##### DATA IN THIS EXERCISE #####

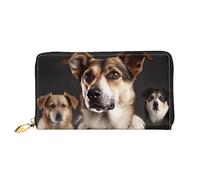DOFFO Portafoglio in pelle con stampa fotografica di cane animale per le donne portamonete sottile zip borsa cambio telefono pochette porta carte portafoglio, Foto Cane Animale, Taglia unica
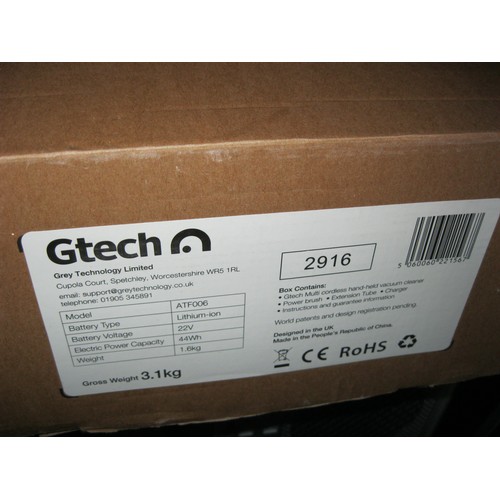 250 - A GTech ATF006 cordless hand-held vacuum cleaner, boxed and in full working order, plus another GTec... 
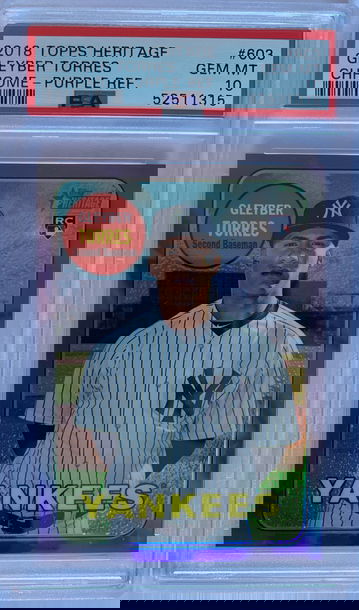 2018 Topps Heritage Gleyber Torres Chrome - Purple Refractor PSA 10 Gem Mint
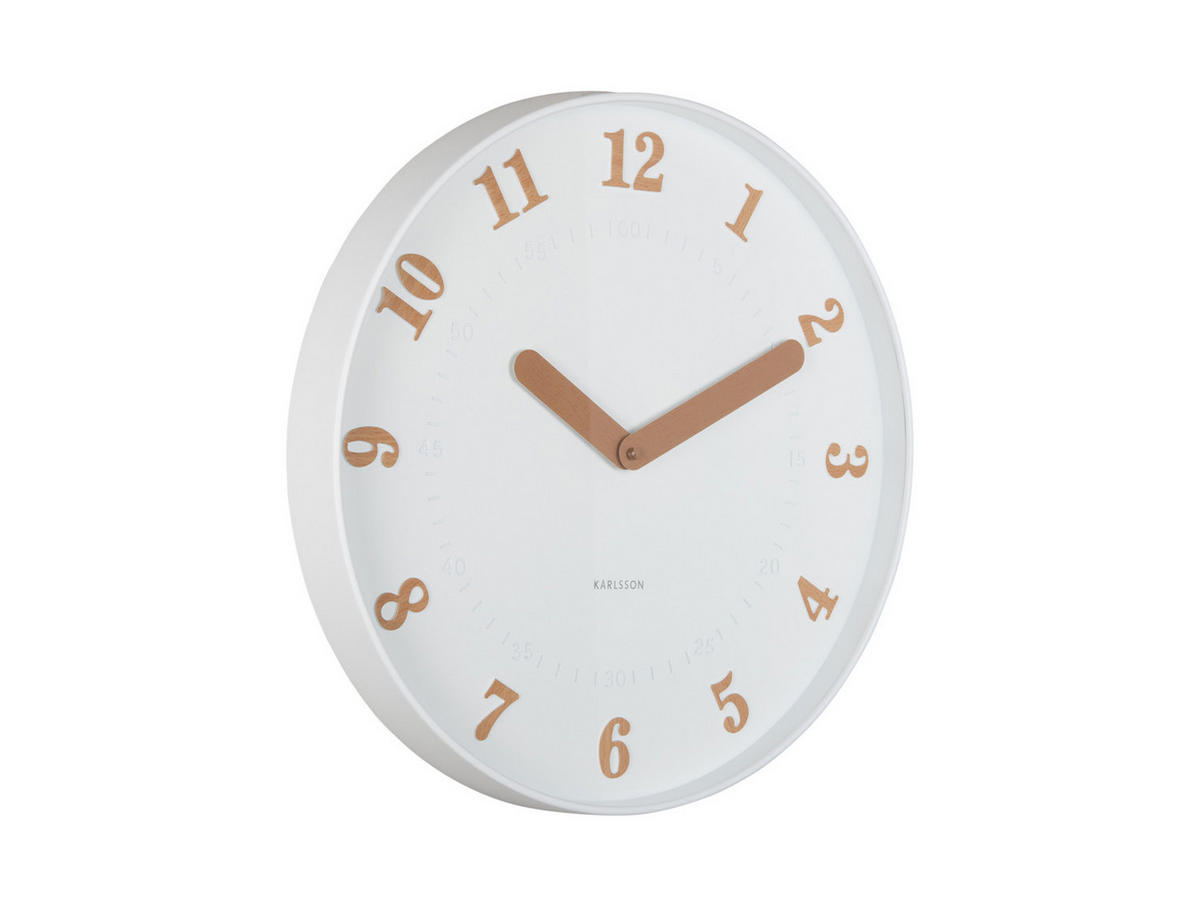 WANDUHR Amena Weiß 40/4/40 cm - Weiß, Kunststoff (4/40/40cm) - Karlsson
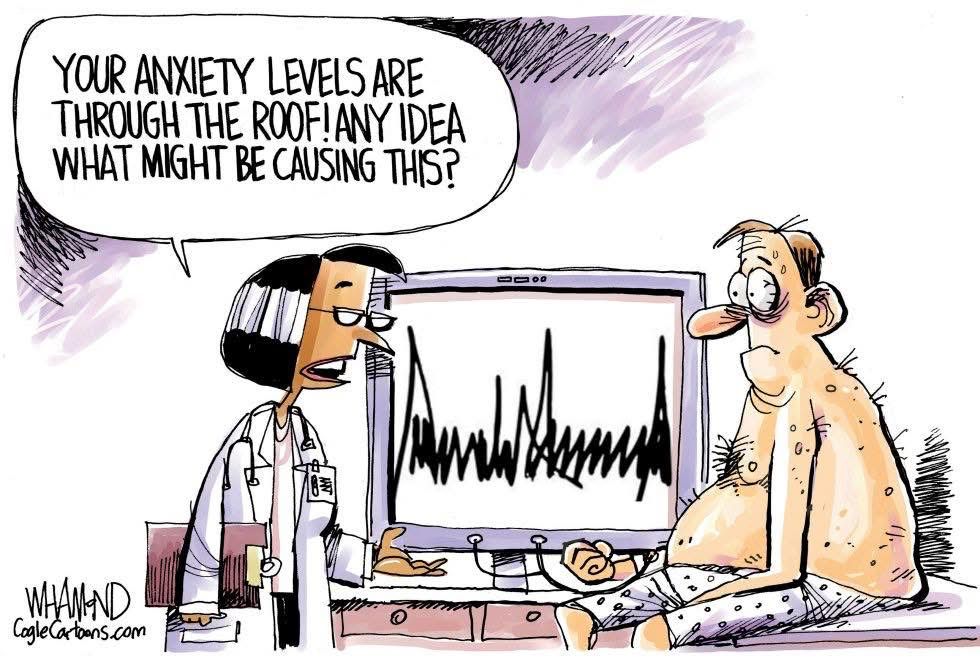 Cartoon-
Physician-Your anxiety levels are through the roof!  Any idea what might be causing this?
Heart rate-Donald Trump’s signature 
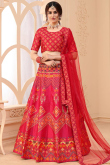 Pink Art Silk Digital Printed Designer Party Wear Lehenga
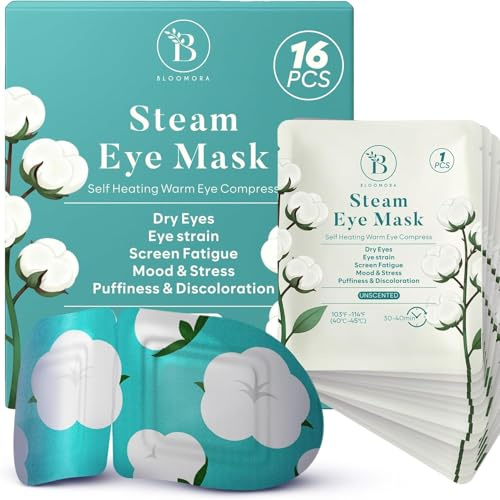 16 Pack Unscented Steam Eye Mask for Dryness, Puffiness, Strain & Relaxation, Heated Eye Mask for Sleep & Travel, Self-Heating & Disposable Warm Compress, Travel Essentials, Relaxation Gifts for Women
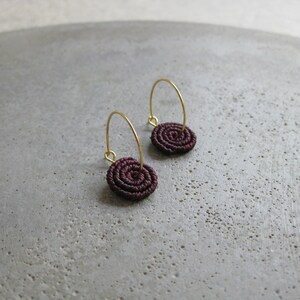 Burgundy Coil Earrings . MicroMacrame Gold or Silver Hoops . Circle Round Macrame Earrings . Lightweight Earrings . Design by ....raïz image 7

#####

PROBLEM DESCRIPTION: Once you have returned the line containing "Physician-Your anxiety levels", stop; begin at the first line of the material, keep each line exact, and skip the pictures.

ANSWER FOR THIS EXERCISE:
DOFFO Portafoglio in pelle con stampa fotografica di cane animale per le donne portamonete sottile zip borsa cambio telefono pochette porta carte portafoglio, Foto Cane Animale, Taglia unica
 250 - A GTech ATF006 cordless hand-held vacuum cleaner, boxed and in full working order, plus another GTec... 
 2018 Topps Heritage Gleyber Torres Chrome - Purple Refractor PSA 10 Gem Mint
 WANDUHR Amena Weiß 40/4/40 cm - Weiß, Kunststoff (4/40/40cm) - Karlsson
 Cartoon-
Physician-Your anxiety levels are through the roof!  Any idea what might be causing this?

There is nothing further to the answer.